RECORDED DATA below:
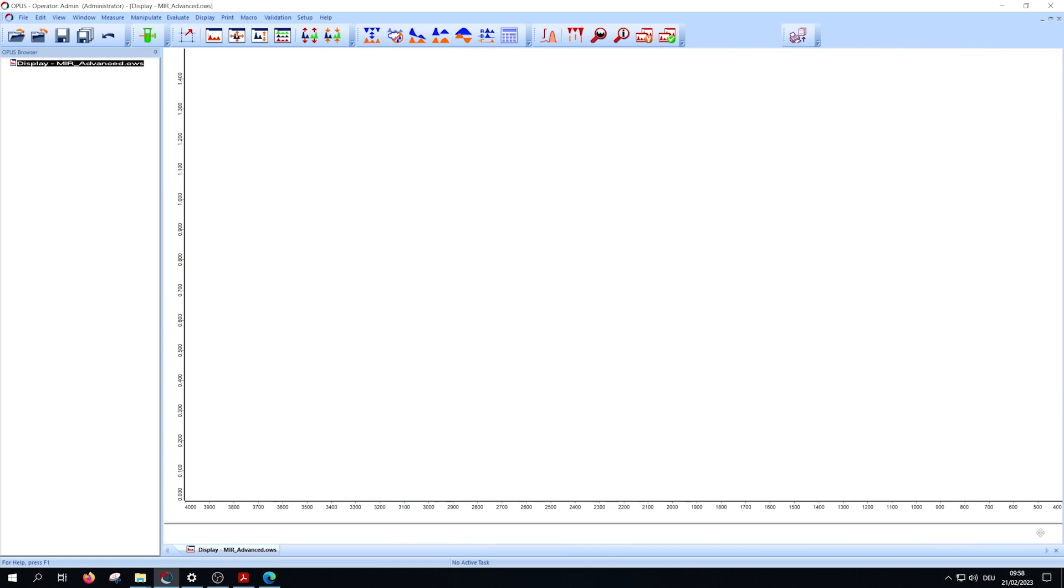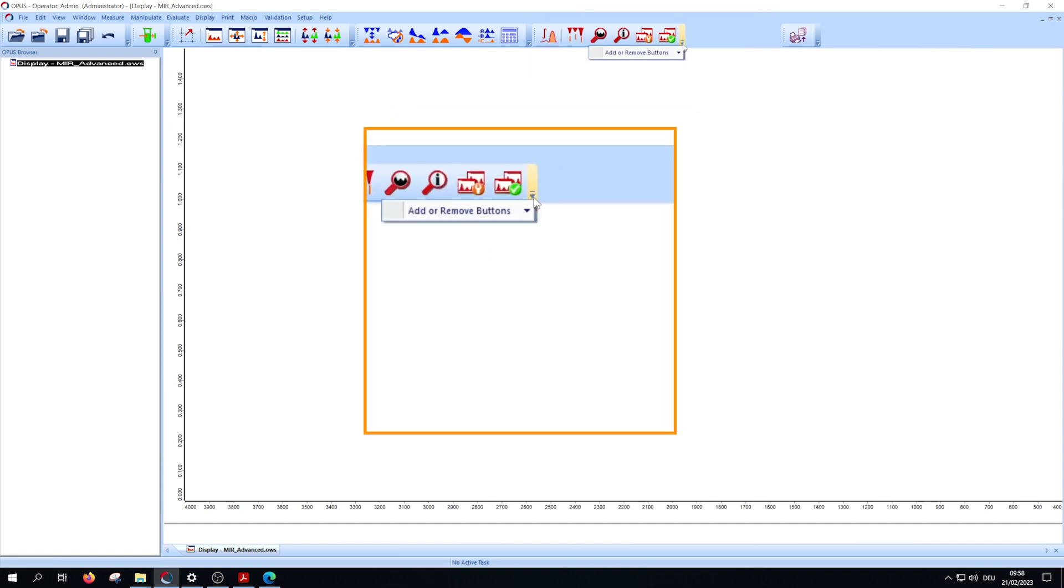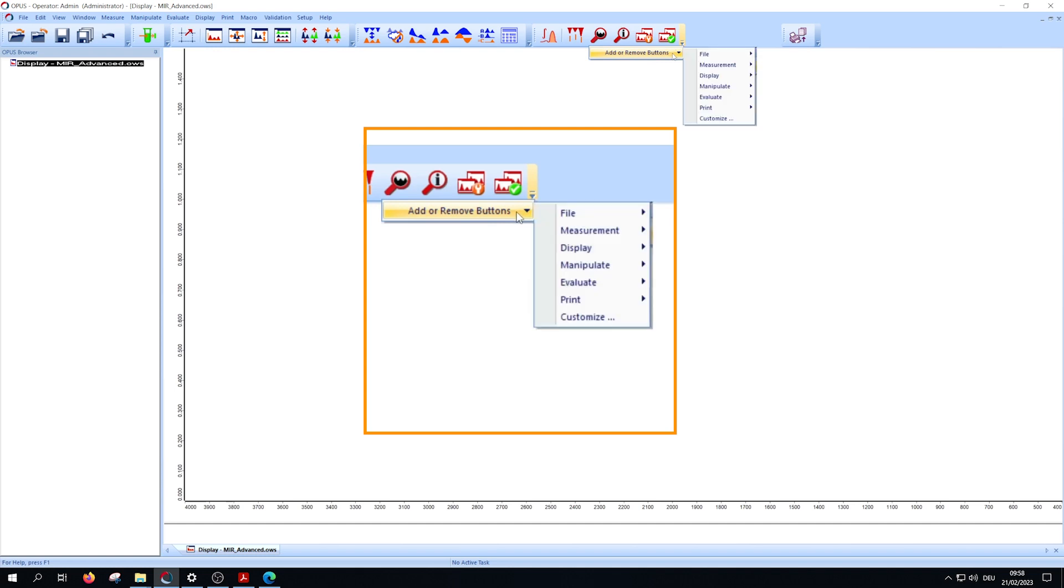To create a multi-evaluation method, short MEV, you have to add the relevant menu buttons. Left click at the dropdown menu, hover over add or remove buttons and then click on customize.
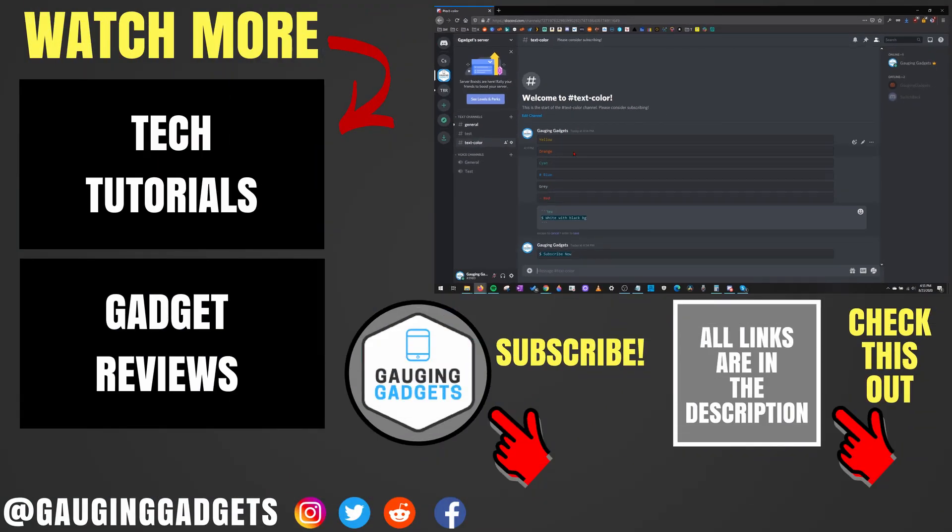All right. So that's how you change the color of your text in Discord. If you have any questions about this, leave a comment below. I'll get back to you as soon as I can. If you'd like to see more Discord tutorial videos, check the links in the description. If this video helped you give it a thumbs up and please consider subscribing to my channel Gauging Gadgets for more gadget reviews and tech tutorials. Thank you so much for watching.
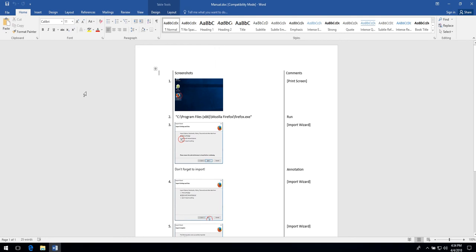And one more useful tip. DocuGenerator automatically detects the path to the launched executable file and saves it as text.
End of RECORDED DATA.
### ASSIGNMENT
Would you reproduce the lines above exactly, without carrying over the pictures?

### COMPLETED TASK
To create a multi-evaluation method, short MEV, you have to add the relevant menu buttons. Left click at the dropdown menu, hover over add or remove buttons and then click on customize.
All right. So that's how you change the color of your text in Discord. If you have any questions about this, leave a comment below. I'll get back to you as soon as I can. If you'd like to see more Discord tutorial videos, check the links in the description. If this video helped you give it a thumbs up and please consider subscribing to my channel Gauging Gadgets for more gadget reviews and tech tutorials. Thank you so much for watching.
And one more useful tip. DocuGenerator automatically detects the path to the launched executable file and saves it as text.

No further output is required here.